The next step is to appropriate priorities using key inputs from The Baseline Assessment and according the current stage of the Product Lifecycle. The initiatives identified with a high level of uncertainty are appropriated to Experimentation activities, and the ones identified with a higher level of certainty go directly to Delivery.

The Product Lifecycle

2. Experimentation

Experimentation is based on empirical testing through experiments — building models of customer behaviour and running experiments to validate those models. Doing that iteratively, starting small and scaling overtime, is what the team must focus on.

Business Modelling:

  • Strategy model
  • Value proposition model
  • Customer journey model
  • Solution model

Proof-of-Concept Validation:

  • Key Hypothesis Definition (validation board)
  • Design of Experiments
  • Get out of the building (running experiments)
  • Hypothesis Validation (persevere, optimise or pivot decision)

For a more detailed best practice about Experimentation check my blog post on Rethinking Product Management Towards New Horizons.

3. Launching Strategy

What does launching a product mean?
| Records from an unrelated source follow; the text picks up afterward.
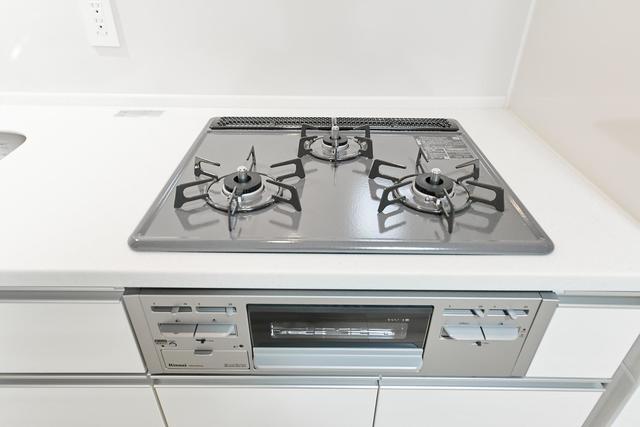 3口のガスコンロ付きです。
※写真は同タイプ住戸です。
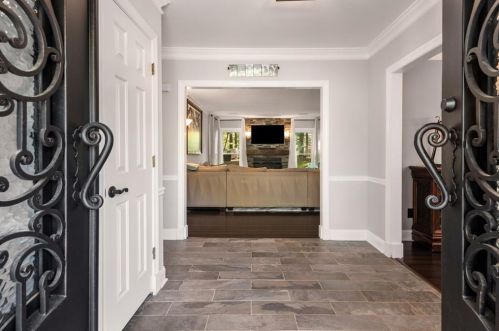 746 Robinson Farms Dr, Marietta, GA 30068-3281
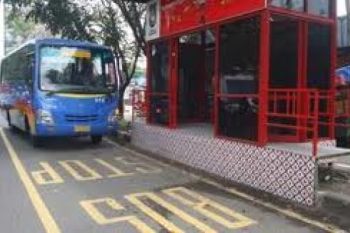 65 Shelter BST Dipasang Nonpermanen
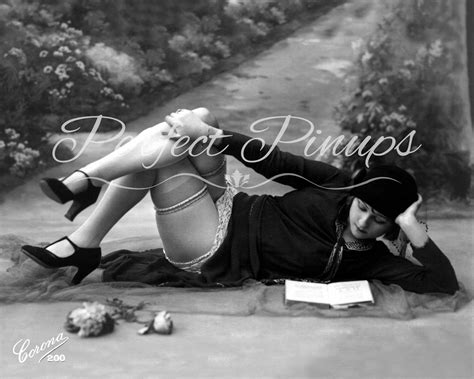 Antique French Pin Up Woman Beautiful Legs Vintage Photo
What is the best approach to maximise our chances of success? Should we go with a Soft (gaining traction) or a Big Bang (scaling) launch?
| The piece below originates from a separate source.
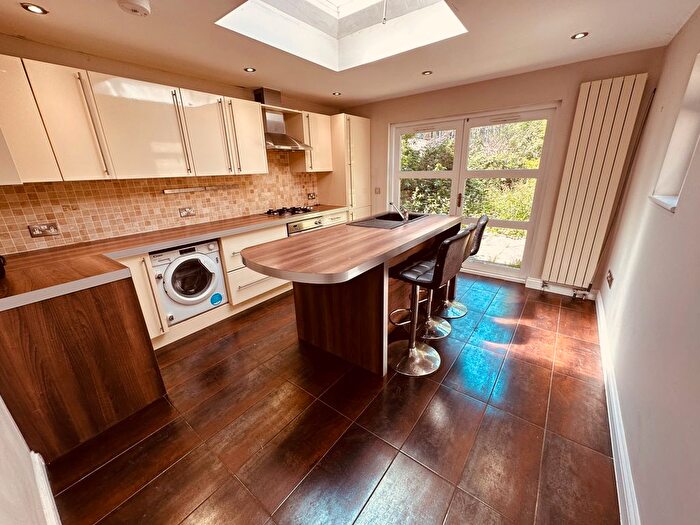 2 Bedroom Flat To Rent In Perth Road, London, N4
A Big Bang launch means bringing a lot of attention and awareness to your product, which results in driving tonnes of potential users to the top of your funnel. Deciding on this strategy makes sense when your product is ready to scale.

Are you 100% sure of your Product/Market Fit? Do you already have a strong “fan” base? Is your story crystal-clear? Are you confident with your technology? Is your product a game changer? If your answer for one of these questions is “no”, the smartest decision is to go with a Soft launch and focus on gaining traction first.
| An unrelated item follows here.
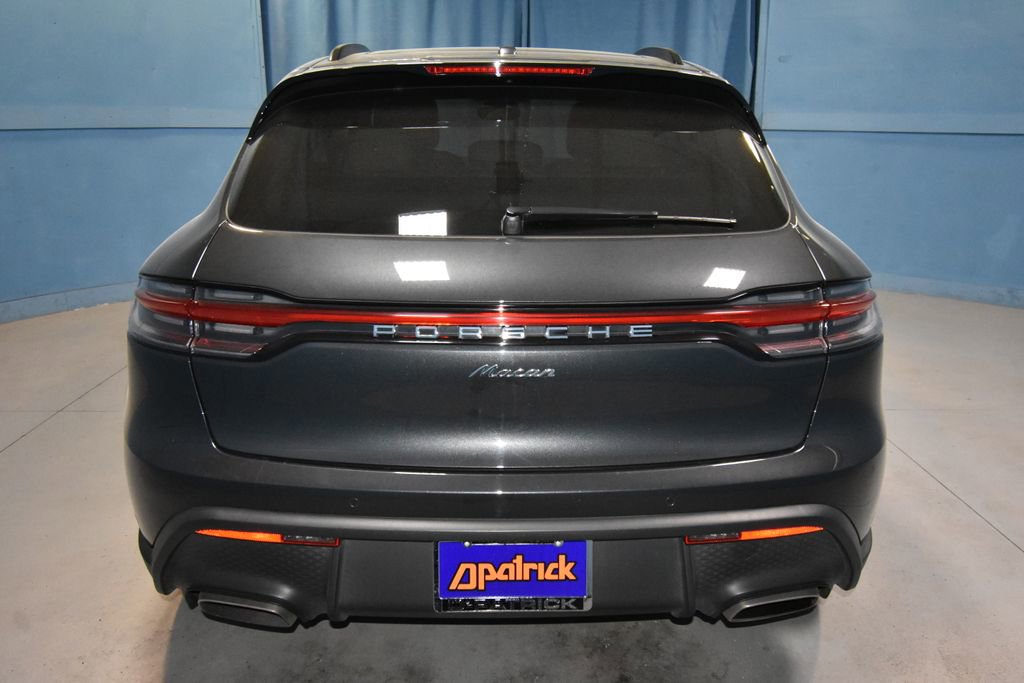 Certified 2025 Porsche Macan image 32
P.S. You may have a portfolio of products, or features that can be considered as independent products. For each of these parts of your product you must ask yourself, does this particular product/feature hit Product/Market-Fit?

Soft Launch Focus Areas

Product/Market Fit Validation

To build a habit-forming product that works deeply with the user behaviour three elements must converge at the same moment: motivation, ability, and trigger.

Source: http://www.behaviormodel.org/

In the previous Experimentation initiatives we focused on validating the Motivation element qualitatively. Now, the team must validate motivation quantitatively, as well as experiment with the ability and trigger elements.

  • Motivation: customer value
  • Ability: time, money, physical and brain effort, social deviance, non-routine
  • Trigger: internal, external

Growth Optimisation

Establishing a process of rapid experimentation across marketing channels and product development to identify the most effective ways to build and engage the user base.

It is based on analysing and segmenting the user behaviour through the Customer Lifecycle and the Customer Profile.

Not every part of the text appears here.